While there are capable post-production houses in Manila, he laments that some ad agencies still go either to Bangkok or Hong Kong just for color grading or simple effects online work.
Way back, the Philippines used to attract many creative people throughout the region. We once had the best facilities, editors and technicians. Sad to say, a number of them have left to look for greener pastures overseas.
According to Cruz, the Philippines can be Asia’s creative hub.
“We can be better than Thailand and Hong Kong in film processing if only the government can help provide the vibrant atmosphere, modernize and infuse incentives to help our creative industries,” he says. “What’s lacking is the infrastructure and know-how … how to apply the talent and energy.”

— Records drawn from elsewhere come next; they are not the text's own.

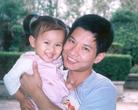 Published on 11/28/2003 Falun Gong practitioner Huang Dingyi, Tongji University Master Degree student, was detained again. His little daughter lost the love from father.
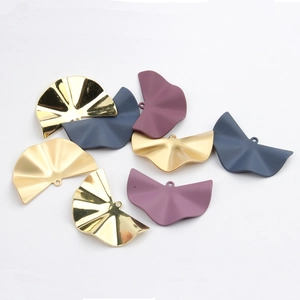 Golden and matte spray paint fan-shaped alloy charms for DIY earring jewelry making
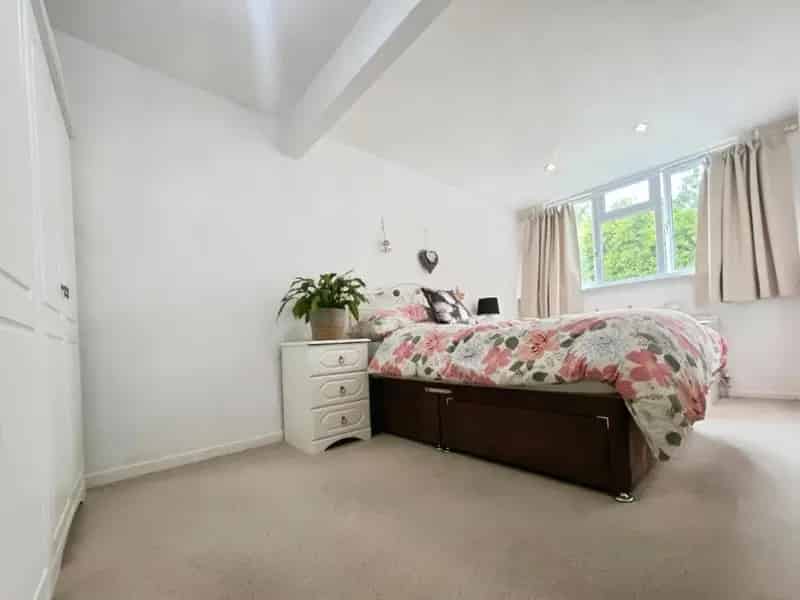 5 Bed House for Sale Stunning Garden Views Excellent Transport Links
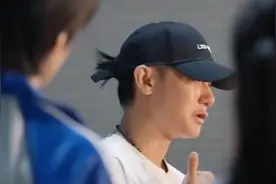 黄子韬谈过世父亲时痛哭：作为孩子，要去了解大人的真实生活图片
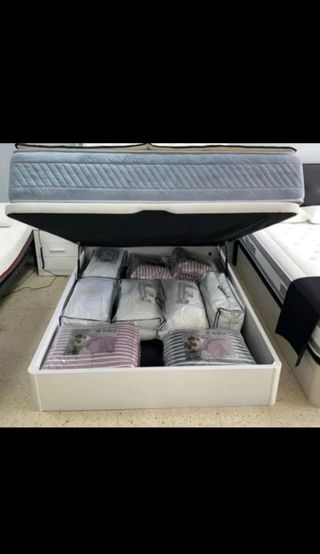 Canapé abatible de madera y tela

Cruz notes that the creative industry in the Philippines is picking up, having won prizes in Clio, Cannes, Asia Adfest, London.
“The government could learn from other global economies, with regards to how countries like Japan, South Korea, Singapore and now China are turning to the creative industry to reinvent its economies,” he says.

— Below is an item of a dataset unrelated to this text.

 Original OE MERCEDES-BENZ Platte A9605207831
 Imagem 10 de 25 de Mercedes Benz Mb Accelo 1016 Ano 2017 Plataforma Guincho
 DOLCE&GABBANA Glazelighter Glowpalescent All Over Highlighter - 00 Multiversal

Cruz took over the Malaysian advertising firm when Yasmin Ahmad, a Clio Lifetime Achivement awardee, passed away.
Cruz has won the prestigious Tokyo Art Directors Club Award, a Cannes Cyber Lion, One Show Gold and Silver, and The Japan Media Arts Festival Excellence prize.

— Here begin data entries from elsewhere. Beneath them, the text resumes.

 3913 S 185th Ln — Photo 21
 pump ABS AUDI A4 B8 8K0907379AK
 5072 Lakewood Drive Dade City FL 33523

He values real work and his views on scam ads will unnerve those who perpetuate them.
Born in the Philippines, Cruz grew up in Crame with his grandmother.
His aunt was an art director who put him in a Klim TV commercial. (Klim was a powder milk drink for kids, and is no longer available.)
In 1983 he saw Benigno Aquino Sr. get assassinated on TV. Three months later, his family migrated to the United States.
His parents, who owned a dry cleaning shop in Ohio, discouraged him from pursuing a career in the arts. But he figured, if he could do what he wanted, he would give it his best shot.
He ended up going to School of Visual Arts in New York.
He discovered graphic design and gravitated toward it because one could fuse the language of art, illustration and design. He did album covers and books, among other things.
Cruz then started his career in San Francisco, working at Studio Archetype, owned by digital pioneer Clement Mok, who was also the founder of Front Page, a Web design program, which was later sold to Microsoft.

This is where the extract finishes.